Seniors vulnerable in winter weather

Thomas J. Zuesi

December 18, 2013

Every winter, we treat a number of weather-related injuries – dislocations, fractures, tears, sprains and strains – in our emergency department. With the earlier-than-normal accumulations of ice and snow, this season has been especially busy so far.

Slip and fall injuries are among our biggest concerns. They often lead to fractures, long recuperations and permanent life changes. Common fracture sites from falls are the hips, wrists, shoulders, ankles and spine.

Head injuries are another major concern because damage to the brain is difficult to treat and has potential long-term consequences.

To prevent falls, make sure you wear footwear with good traction, use handrails if available, keep walks and driveways clear of snow and ice, and test the ground in front of you before you step.

One of the biggest seasonal dangers is cold temperatures. Hypothermia (a lowering of the core body temperature) and frostbite (the freezing of body tissue) can threaten fingers, toes, overall health and even your life. When outside, dress in layers, wear a hat to retain body heat, and cover your mouth with a scarf to prevent cold air from entering your lungs.

Hypothermia symptoms include shivering, pale/ashy skin, a feeling of weakness and fatigue, slowed breathing and trouble walking.

Frostbite warning signs include a loss of feeling, and a pale, ashy appearance of the skin in the affected area.
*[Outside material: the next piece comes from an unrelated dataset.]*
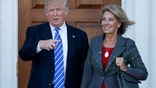 FILE - In this Nov. 19, 2016 file photo, President-elect Donald Trump and Betsy DeVos pose for photographs at Trump National Golf Club Bedminster clubhouse in Bedminster, N.J. Trump has chosen charter school advocate DeVos as Education Secretary in his administration. (AP Photo/Carolyn Kaster, File)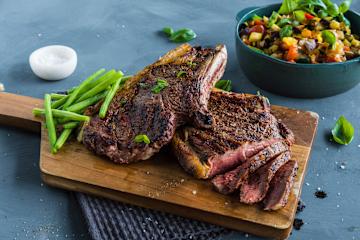 Entrecote og aspargesbønner på et trefat og en skål med ratatouille ved siden av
If you feel you may be experiencing tissue damage from overexposure, medical attention is immediately warranted.

We see a number of injuries related to participation in outdoor sports such as snow skiing, sledding, snowboarding and ice skating. To prevent injury, never participate alone, warm up thoroughly, always wear appropriate protective gear, drink plenty of water and make sure any equipment is in good working order. Many winter sports-related injuries occur near the end of the day when participants are tired and lose focus.
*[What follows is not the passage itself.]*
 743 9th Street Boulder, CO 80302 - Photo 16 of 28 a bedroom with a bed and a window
We encourage people to exercise year-round because effective exercise needs to be done on a near daily basis. But people may have to change their routines in the winter, exercising more indoors where the surfaces are less threatening and the temperature is controlled.
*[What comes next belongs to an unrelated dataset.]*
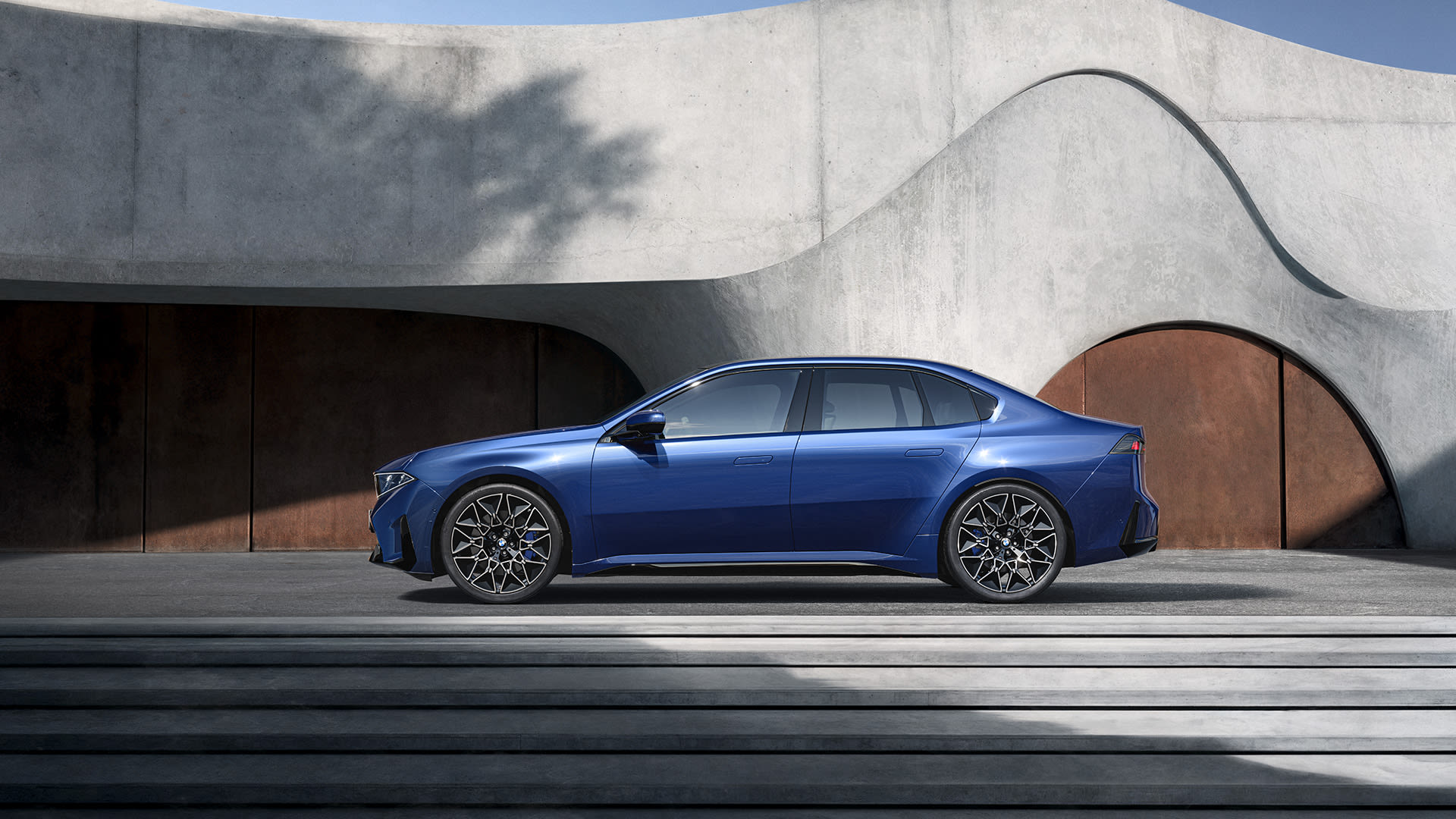 Side view of a blue BMW i3 parked on a raised platform in front of a modern stile building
Shoveling snow exposes people to injuries ranging from pulled muscles to fatal heart attacks because it places a great deal of stress on the body in a short period of time. Be sure to lift with your leg muscles instead of your back, and take frequent rest breaks. Stop immediately if you experience chest tightness or pain in the chest or arm.

Winter weather should not be an excuse for inactivity. The benefits of an active lifestyle outweigh the risks, especially when caution, common sense and planning mitigate those risks. If you anticipate the bad weather and pay attention to your surroundings, you can avoid weather-related injuries and still remain active.

Dr. Zuesi is an emergency medicine physician at OhioHealth Grady Memorial Hospital.